I want to invite your attention to two verses of Scripture found in the Gospel of Luke, the second chapter:

And suddenly there was with the angel a multitude of the heavenly host praising God, and saying [not singing], Glory to God in the highest, and on earth peace among men in whom he is well pleased. (Luke 2:13, 14)

Now when I was a little fellow in Sunday school — and believe me, that goes back to old-fashioned days, they taught us a song that said, “I want to be an angel and with the angels sing.” Well, to begin with I didn’t at that time want to sing. And in the second place I did not want to be an angel — and I was far from being one, you may be sure of that. And I’m happy to report to you, if you had the same feeling I had, you will never be an angel.

I’ve been very much dissatisfied with Vernon McGee, but I’m very glad I’ll never lose my identity throughout eternity. I will always be Vernon McGee, though with a new body. I’ll get rid of my old nature, which is going to be a glorious, wonderful thing, but I’ll not be an angel. Not one of us will be an angel.

Two boys in my Southland had not seen each other in a long time, and they met one day on the street. In the meantime both of them had gotten married. One said to the other — he was having trouble with his wife — “What kind of a woman did you marry?” He replied, “I married an angel.” The first one said, “Boy, are you lucky. Mine’s still alive.” You know, many people think today that when you die you become an angel. Well, my beloved, nowhere in the Word of God does it indicate that we are going to be angels, never throughout the endless ages of eternity.

Now I believe that one of the neglected subjects of Scripture has to do with the angels. Actually not much is written in the Word of God concerning them. Most of what people believe about angels today does not come from the Word of God but comes from the Middle Ages with no scriptural foundation whatever.

And we have the Christmas carol, “Hark, the Herald Angels Sing.” Well, hark, the herald angels don’t sing! This Christmas carol that they sing has no scriptural proof at all. We can do something which angels cannot do, and that is sing.

It’s interesting to note that angels as we know them today have been sent forth as ministering spirits (see Hebrews 1:5-14). We know so little about them, as I’ve indicated, and the little that we do know is the contact they’ve made with earth. And I do not think they are the creatures that are mentioned in Job where God speaks of the fact, “When the morning stars sang together, and all the sons of God shouted for joy” (Job 38:7). Did you know that God has infinitely more creatures than you and I have ever dreamed of? If you think that somehow man on this earth constitutes just about all that God has created except a few angels to run errands for Him and that is the extent of heaven, you’re wrong. God has created intelligences, they’re called here “sons of God.” And we’re told here that the “morning stars sang together.” I’m of the opinion that Job was talking about this physical universe.
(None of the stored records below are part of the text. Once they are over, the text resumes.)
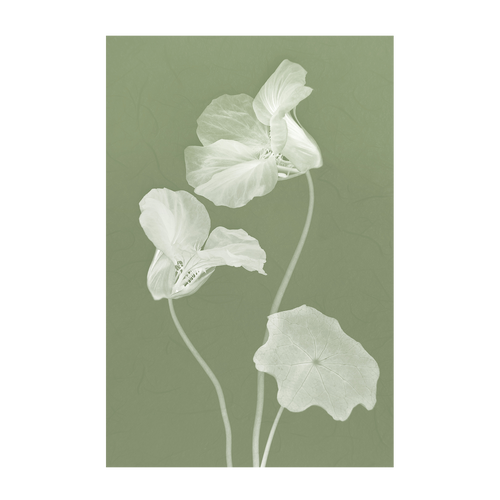wall-art-print-canvas-poster-framed-Floral Dancer, Style A & B, Set Of 2 , By Leda Robertson-8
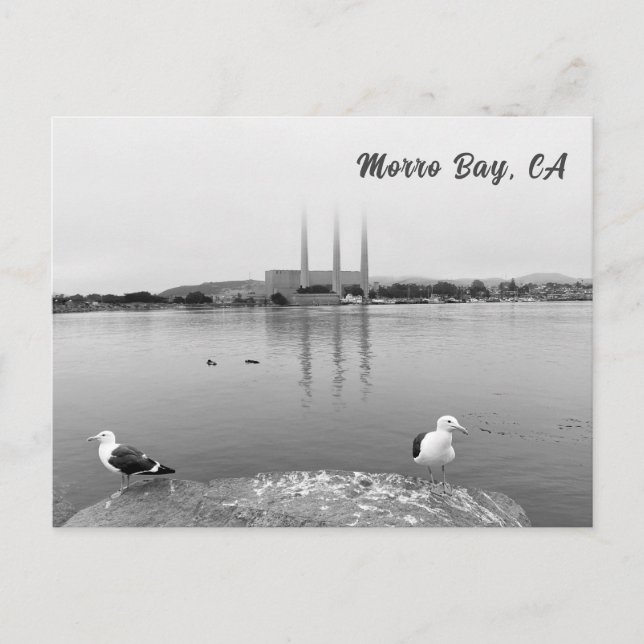 Cartão Postal Gaiolas marítimas na Baía de Morro, Califórnia (Frente)
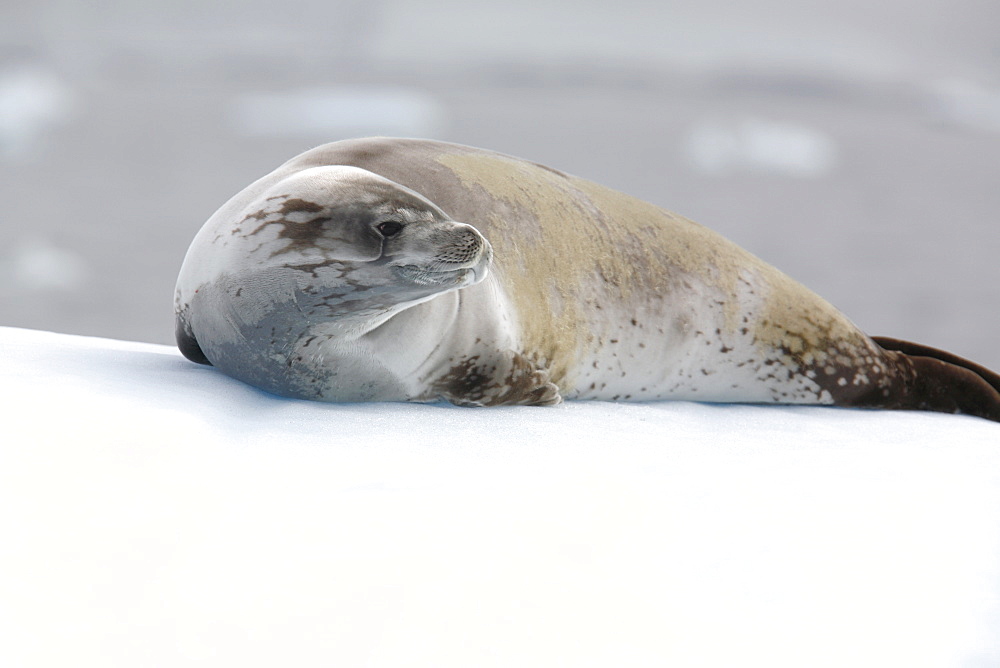 Crabeater seal (Lobodon carcinophaga) hauled out on ice in and around the Antarctic Peninsula.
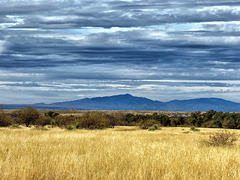 The Rincon Mountains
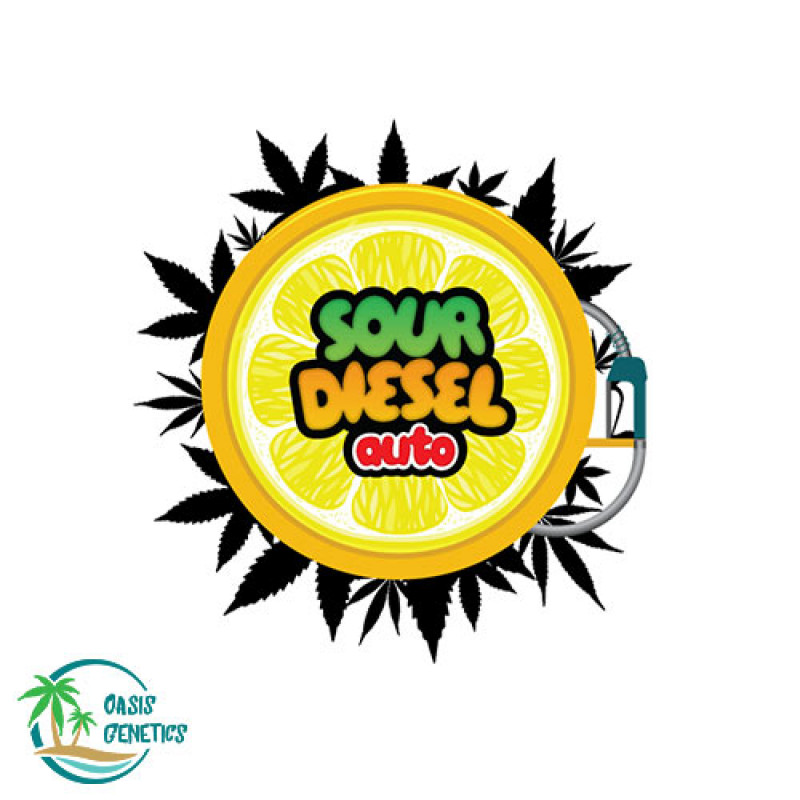 Sour Diesel Seeds | Autoflower Feminized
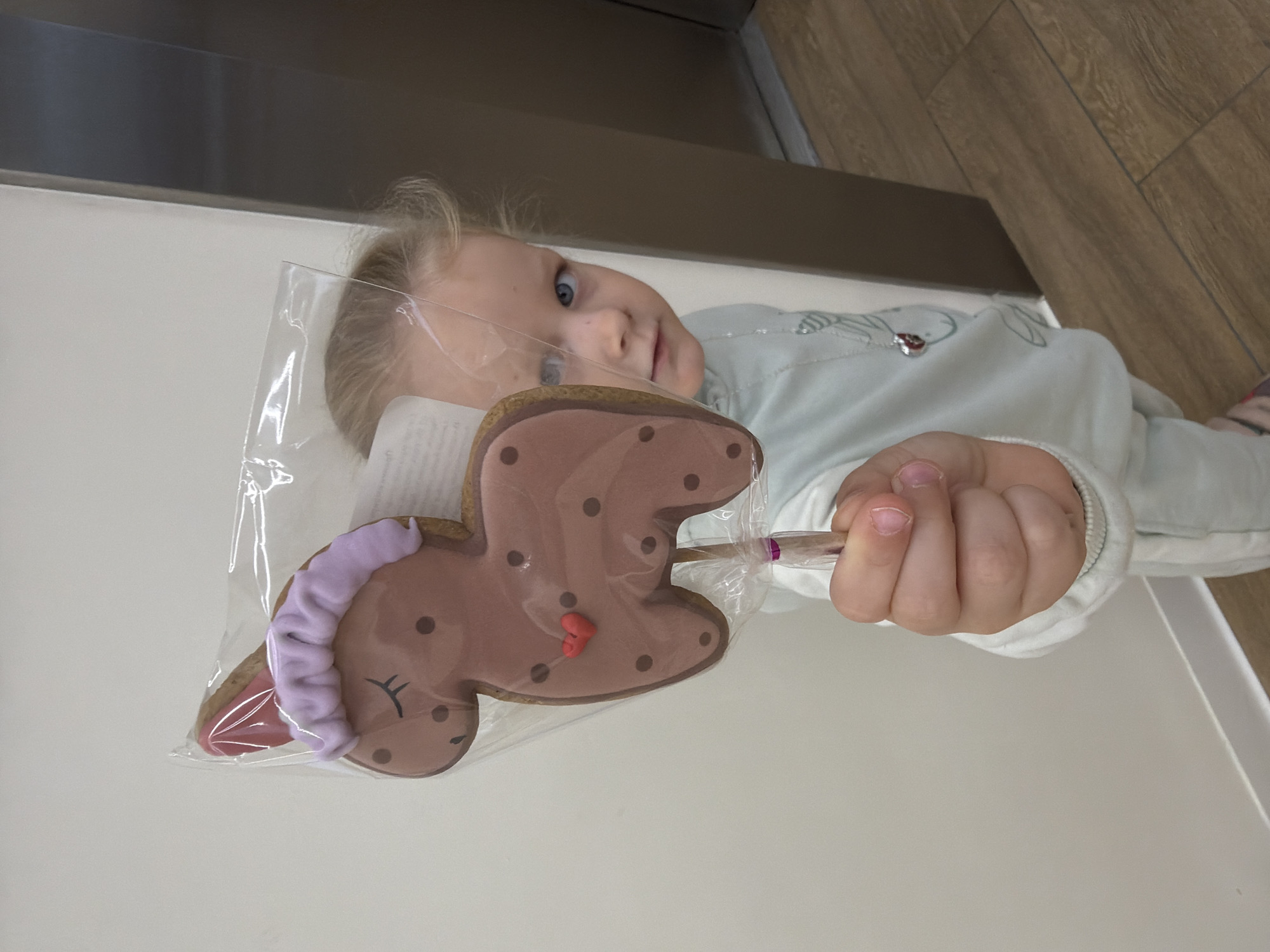 The image shows a young child with blonde hair and blue eyes, lying down and looking at the camera. The child is holding a cookie on a stick, which is shaped like a brown horse with purple icing for a mane and a red heart on its body. The cookie is in a clear plastic wrapper. The child is wearing a light blue shirt with a subtle striped pattern. The background consists of a white surface and a wooden floor with diagonal planks. A dark gray, metallic surface is visible in the upper part of the image. The lighting suggests an indoor setting, possibly during the daytime. The child's expression is neutral. There is no visible text in the image. The scene appears to be in Khimki, Russia.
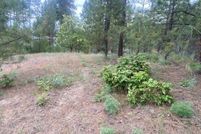 Undeveloped Land for sale in Stevens County, Washington
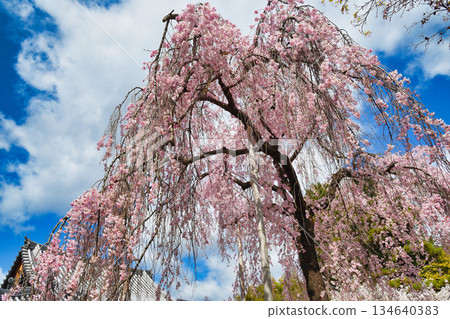 京都法光院(京都府京都市右京區)的櫻花盛開,美不勝收。 京都法光院(京都府京都市右京區)的櫻花盛開,美不勝收。 134640383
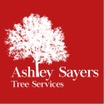 Ashley Sayers Tree Services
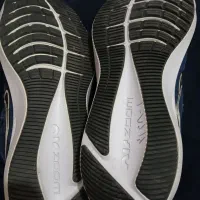 کفش نایک|کیف، کفش، کمربند|شیراز, نارنجستان|دیوار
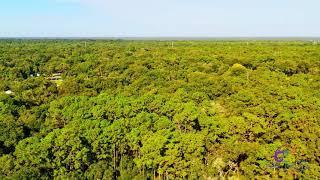 Land for sale in Orange City, Florida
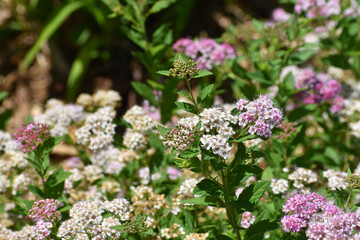 New Ulm, MN USA - 06-14-2021- Spiraea, spirea, meadowsweets or steeplebushes (Filipendula and Aruncus) in full bloom with a bee on a bloom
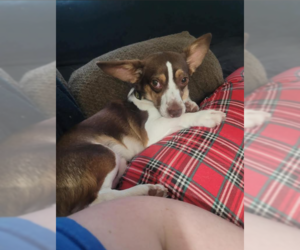 Chihuahua-Unknown Mix Dogs for adoption in Cranston, RI, USA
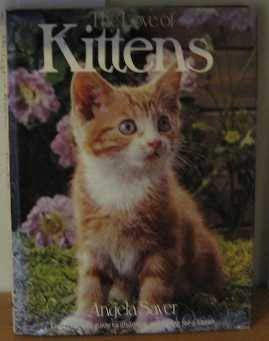Love of Kittens (Hardcover)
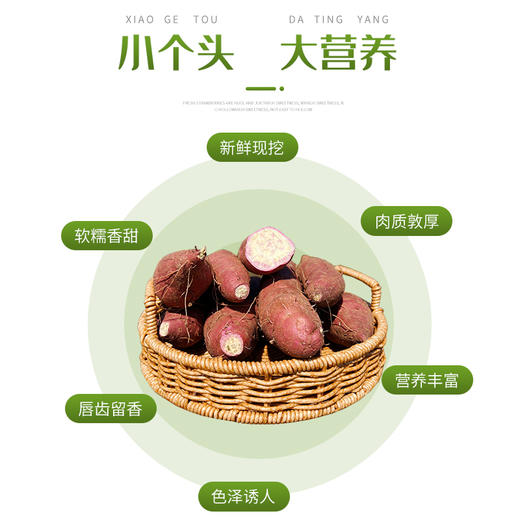 【连州高山一点红番薯】软糯香甜 营养丰富·细腻甜蜜 绵沙少丝 商品图2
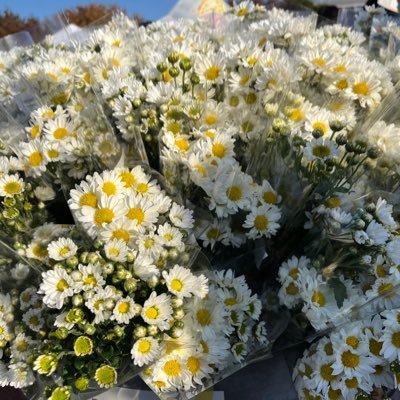 longhip_girl's profile picture. 👔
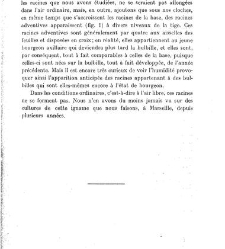 Revue g&eacute;n&eacute;rale de botanique (Paris)(1913) document 152822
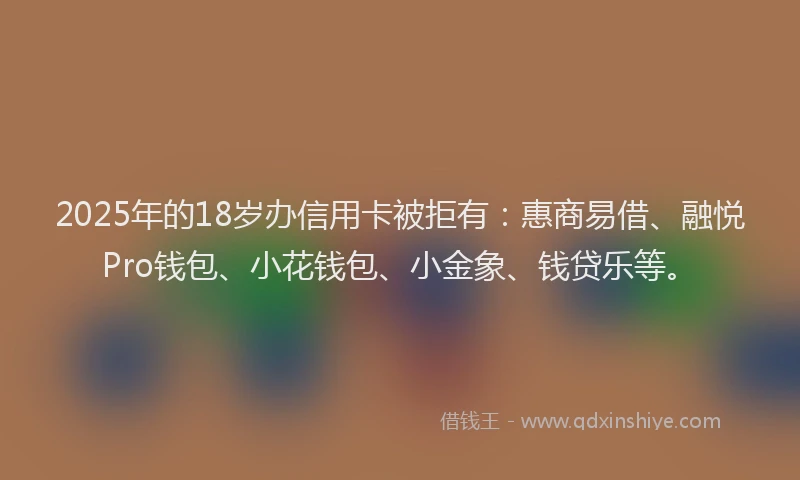 2025年的18岁办信用卡被拒有：惠商易借、融悦Pro钱包、小花钱包、小金象、钱贷乐等。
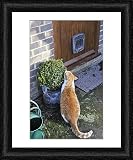 Framed Print of JD-20868 CAT. Cat sitting by a plant pot outside its cat flap from Ardea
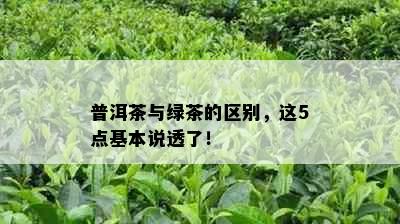 普洱茶与绿茶的区别，这5点基本说透了！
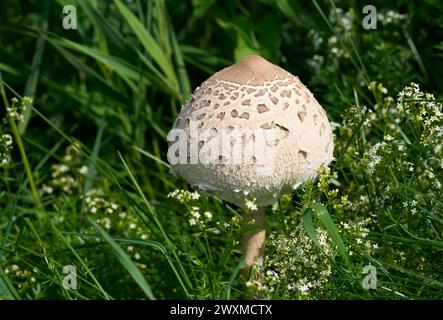 Jeune champignon Parasol (Macrolepiota procera) au milieu de petites fleurs blanches Banque D'Images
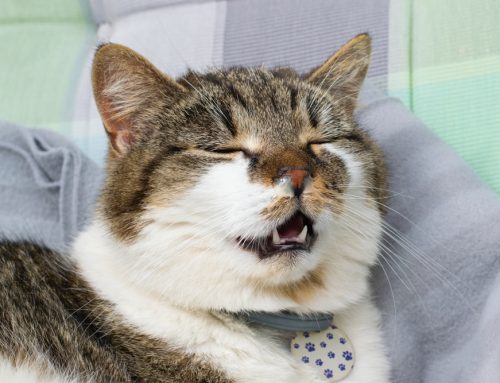 Common Aging Cat Diseases: Symptoms to Watch For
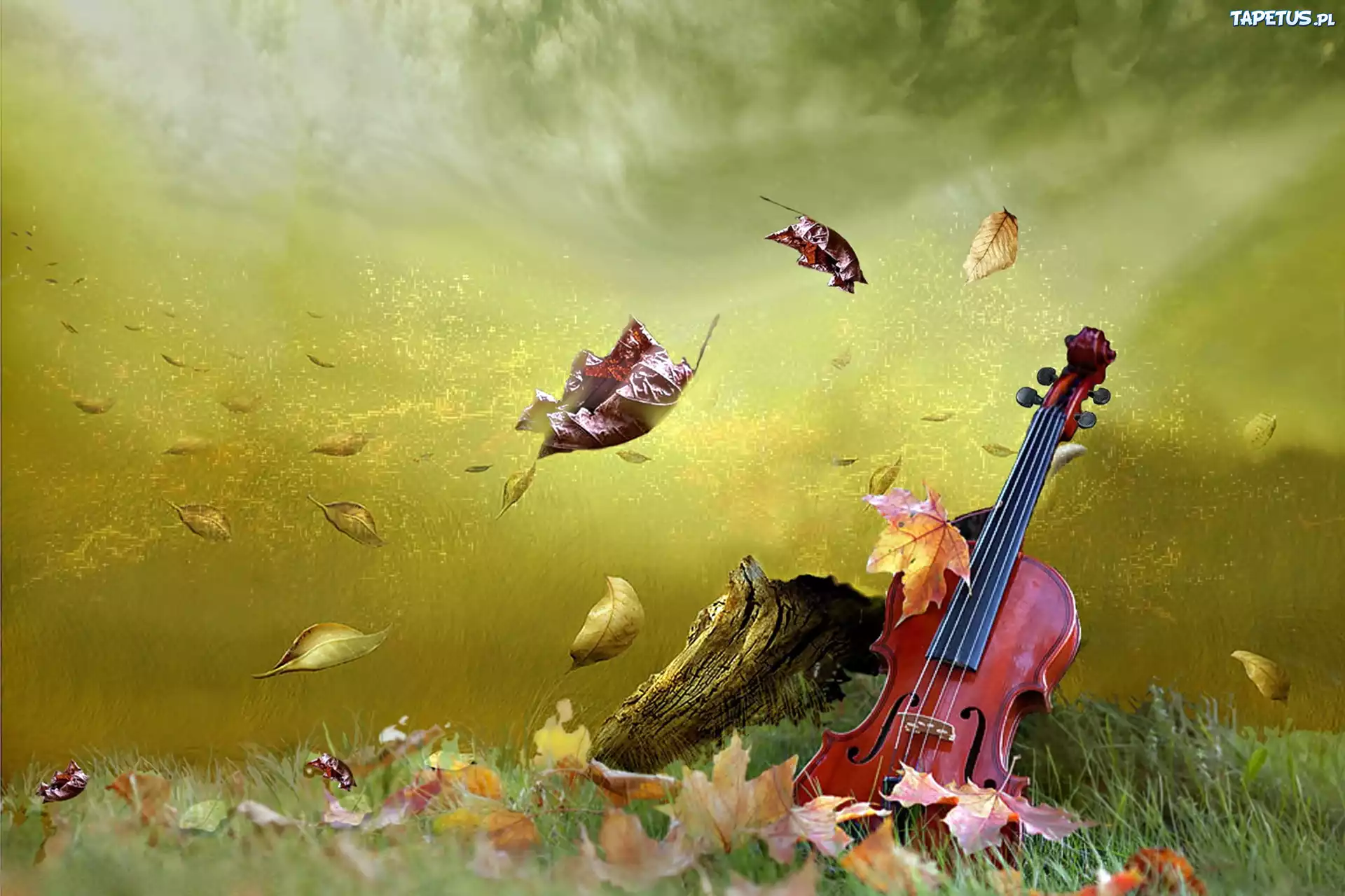 Цветы душа поет. Скрипка осень. Скрипка на природе. Музыка природы. Скрипка лето.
Shakespeare understood it that way, as he wrote,

There’s not the smallest orb which thou behold’st
But in his motion like an angel sings,
Still quiring to the young-eyed cherubins;
Such harmony is in immortal souls;
But whilst this muddy vesture of decay
Doth grossly close it in, we cannot hear it.
The Merchant of Venice. Act V, Sc. 1, Line 54

I cannot prove it but I believe that this physical universe that we are living in, with its millions and literally billions of planets, is making music for God today. And the only one that’s out of tune is this little earth, our little orb on which we live. We’re out of tune. Man sins. And when man “who had been made a little lower than the angels” sinned he lost his song.

It’s interesting today that you find creation is not singing at all. Romans 8:22 says, “... the whole creation groaneth and travaileth in pain together until now.” When you go down and stand by the seaside, you hear the sob of the surf. You go to the mountaintop and you hear the wind howling through the tops of the pine trees. I can’t imagine anything more mournful than that. I know of nothing that will put me to sleep at night like listening to the wind when I’m in the mountains during the summertime. And the storms blowing across our deserts and across the plains of the Midwest are sobbing out a song, not at all singing in the major key. Nature is in a minor key today everywhere you find it. Why? Because man has brought and is bringing down upon his own head the consequences of his fall. That’s why nature has lost its song today.

The angels that we know of are called angels because they’re messengers. We read in the Book of Malachi that Malachi’s own name means Messenger. We may not know much about the man Malachi but we do know that he was a messenger. He called himself a messenger (a Western Union boy). And all the angels that we know anything about in Scripture were Western Union boys — messengers come from heaven. They brought messages from God to earth. The angel Gabriel brought messages to Daniel. And Gabriel is the one who in the New Testament breaks through the silence and comes with a message from heaven, but he doesn’t come with a song. We find nowhere that the angels are singing.

They tell me the Western Union boys sometimes sing their message. Some friends told me once they got a singing message from one of these boys and they wished it hadn’t been a singing message. The boy was not very good at singing, and they had just as soon he’d delivered it in an envelope rather than sing it to them. Well, the angels have never brought a singing message to man. The message they’ve brought has definitely been a message from heaven, one that on many occasions has brought great joy to man but never, as far as we know, have the angels sung it.

Now why is it that angels do not sing? If there ever was a time when angels should have been singing, it was here in the Gospel of Luke when that angel made the announcement of the birth of Christ.

And an angel of the Lord stood by them, and the glory of the Lord shone round about them: and they were sore afraid. And the angel said unto them, Be not afraid; for behold, I bring you good tidings of great joy which shall be to all people: for there is born to you this day in the city of David a Saviour, who is Christ the Lord. And this is the sign unto you: Ye shall find a babe wrapped in swaddling clothes, and lying in a manger. And suddenly there was with the angel a multitude of the heavenly host, praising God, and saying [not singing], Glory to God in the highest, and on earth peace among men in whom he is well pleased. (Luke 2:9-14)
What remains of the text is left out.